Data provided:
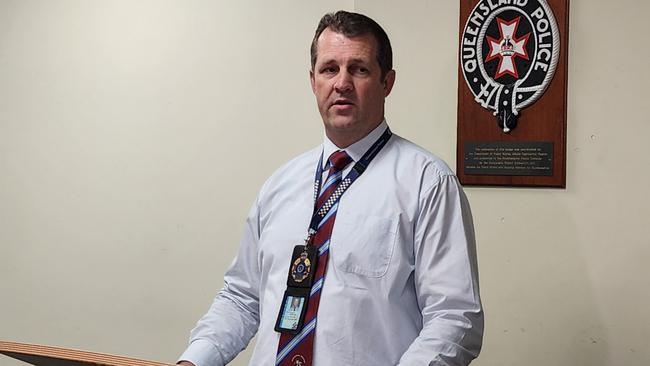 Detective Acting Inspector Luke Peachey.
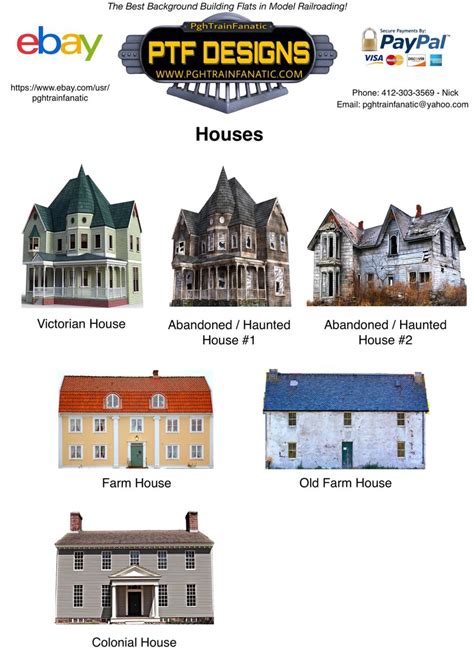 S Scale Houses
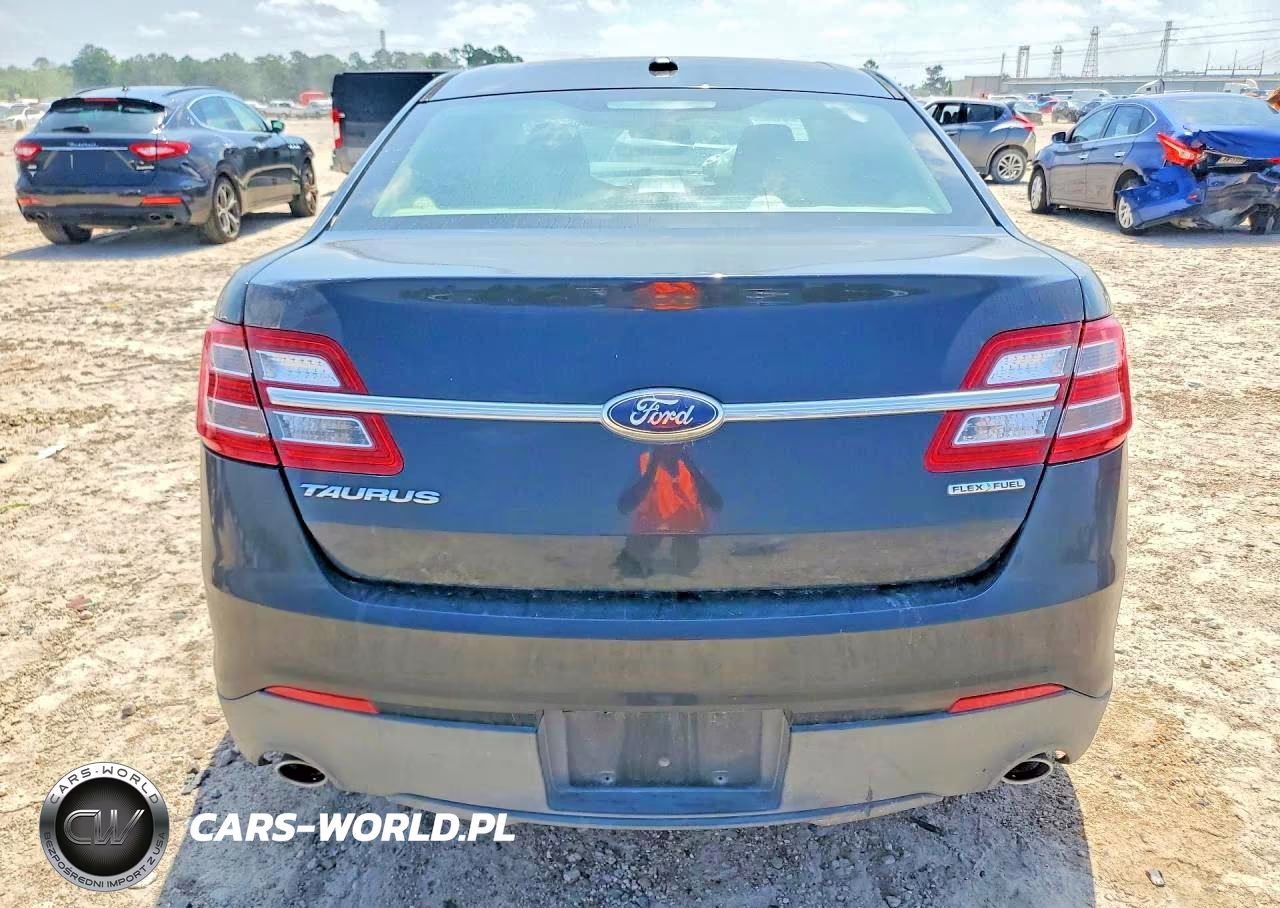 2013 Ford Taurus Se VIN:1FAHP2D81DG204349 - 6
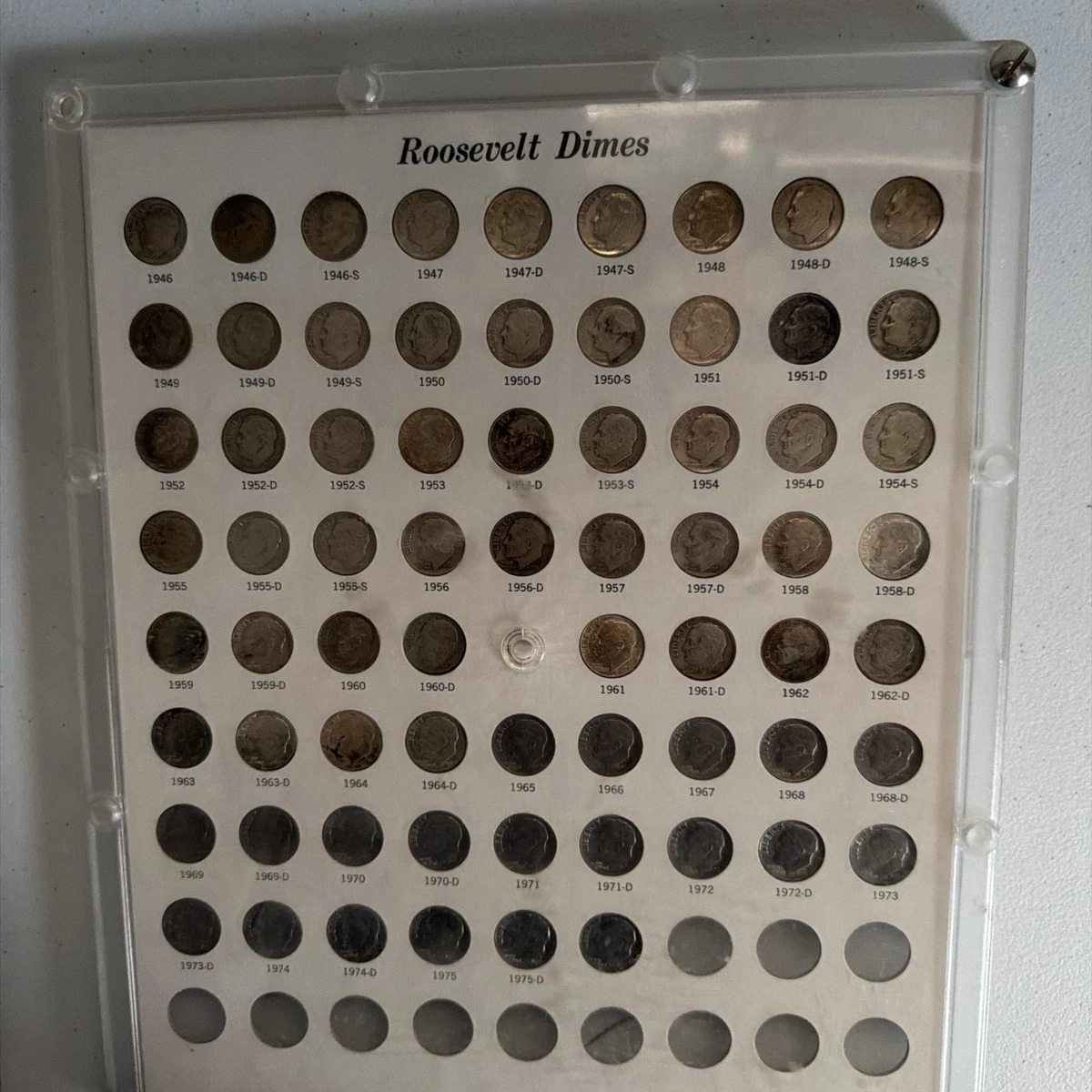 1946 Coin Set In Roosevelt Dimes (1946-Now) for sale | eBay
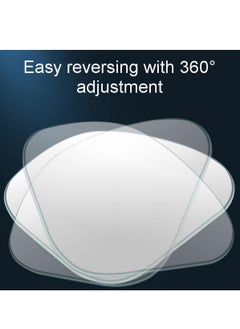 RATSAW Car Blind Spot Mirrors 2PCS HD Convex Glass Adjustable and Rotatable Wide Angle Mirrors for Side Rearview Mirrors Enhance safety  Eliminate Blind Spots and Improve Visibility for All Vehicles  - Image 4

Work required: If a record contains a picture, leave the picture out; repeat the record itself exactly.

Written solution:
 Detective Acting Inspector Luke Peachey.
 S Scale Houses
 2013 Ford Taurus Se VIN:1FAHP2D81DG204349 - 6
 1946 Coin Set In Roosevelt Dimes (1946-Now) for sale | eBay
 RATSAW Car Blind Spot Mirrors 2PCS HD Convex Glass Adjustable and Rotatable Wide Angle Mirrors for Side Rearview Mirrors Enhance safety  Eliminate Blind Spots and Improve Visibility for All Vehicles  - Image 4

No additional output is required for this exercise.